» **ACTION ITEM**
Copy out the data exactly, leaving the pictures behind.

(DATASET EXCERPT Opens)

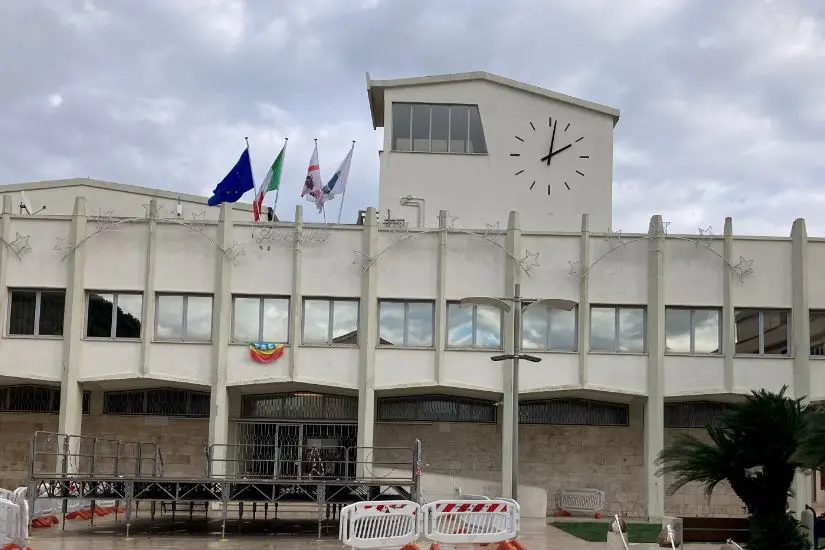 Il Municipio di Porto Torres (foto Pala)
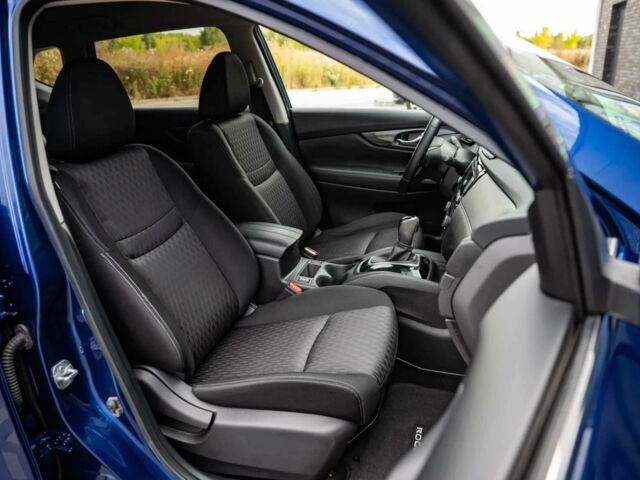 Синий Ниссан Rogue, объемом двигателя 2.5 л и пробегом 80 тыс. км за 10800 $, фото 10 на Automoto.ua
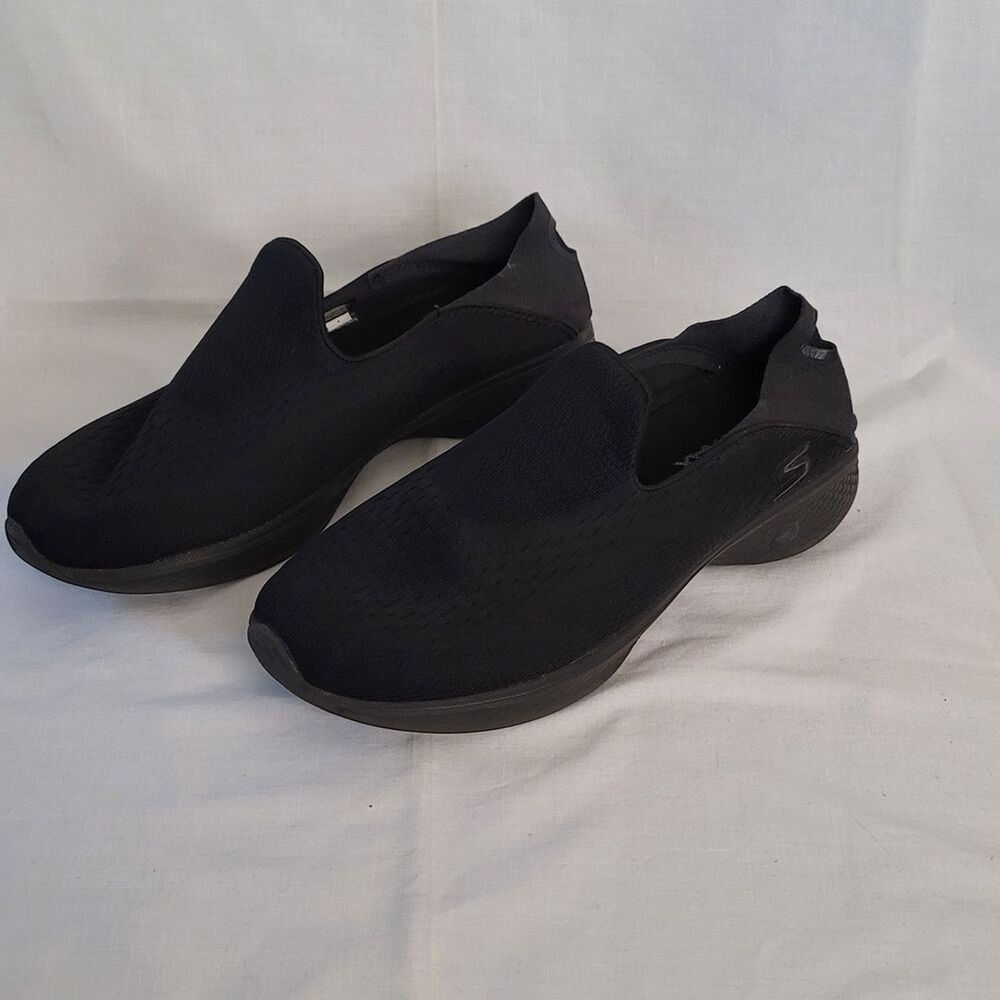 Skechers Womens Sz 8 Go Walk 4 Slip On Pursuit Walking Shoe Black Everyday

(DATASET EXCERPT Closes)

» **ANSWER AREA**
 Il Municipio di Porto Torres (foto Pala)
 Синий Ниссан Rogue, объемом двигателя 2.5 л и пробегом 80 тыс. км за 10800 $, фото 10 на Automoto.ua
 Skechers Womens Sz 8 Go Walk 4 Slip On Pursuit Walking Shoe Black Everyday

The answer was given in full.